Metadata-Version: 2.1
Name: PyImpetus
Version: 2.0.4
Summary: PyImpetus is a feature selection algorithm which considers features both separately and together as a group in order to provide not just the best set of features but also the best combination of features
Home-page: https://github.com/atif-hassan/PyImpetus
Author: Atif Hassan
Author-email: atif.hit.hassan@gmail.com
License: UNKNOWN
Description: [![forthebadge made-with-python](http://ForTheBadge.com/images/badges/made-with-python.svg)](https://www.python.org/)
        [![ForTheBadge built-with-love](http://ForTheBadge.com/images/badges/built-with-love.svg)](https://github.com/atif-hassan/)
        
        [![PyPI version shields.io](https://img.shields.io/pypi/v/PyImpetus.svg)](https://pypi.python.org/pypi/PyImpetus/)
        [![Downloads](https://pepy.tech/badge/PyImpetus)](https://pepy.tech/project/PyImpetus)

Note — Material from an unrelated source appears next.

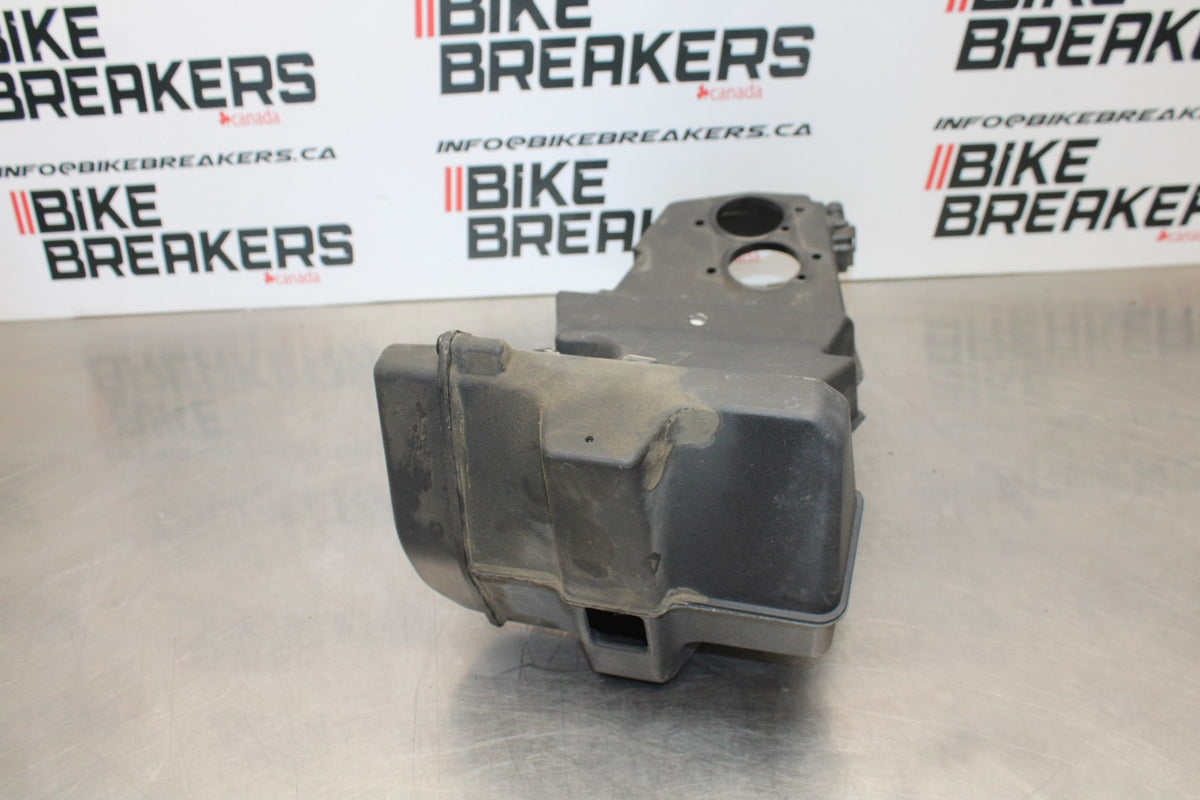 05-06 VICTORY KINGPIN DELUXE AIRBOX AIR INTAKE FILTER BOX BB195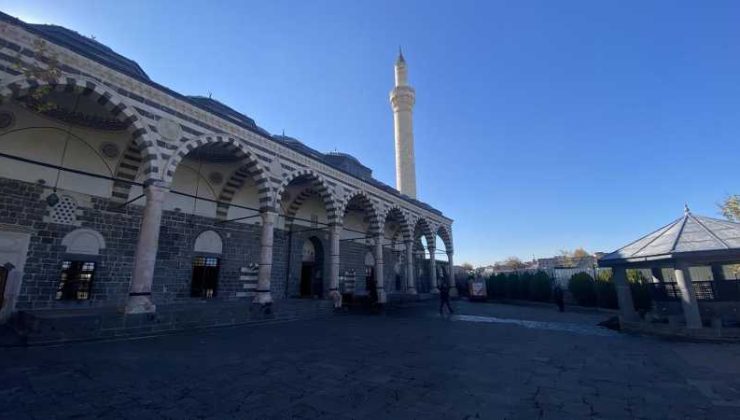 Diyarbakır’da 508 yıllık camide cuma vakti yangın çıktı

        [![Maintenance](https://img.shields.io/badge/Maintained%3F-yes-green.svg)](https://github.com/atif-hassan/PyImpetus/commits/master)
        # PyImpetus
        PyImpetus is a **feature selection algorithm** that picks features by considering their performance both individually as well as conditioned on other selected features. This allows the algorithm to not only select the best set of features, but also select the **best set of features that play well with each other**. For example, the best performing feature might not play well with others while the remaining features, when taken together could out-perform the best feature. PyImpetus takes this into account and produces the best possible combination.
        
        PyImpetus has been completely revamped and borrows ideas from multiple papers, most significantly from [Testing Conditional Independence in Supervised Learning Algorithms](https://arxiv.org/abs/1901.09917) [1]. It uses a novel CV based aggregation method to recommend the most roubst set of minimal features (Markov Blanket).
        
        PyImpetus was tested on 13 datasets and outperformed state-of-the-art Markov Blanket learning algorithms on all of them.
        
        ## How to install?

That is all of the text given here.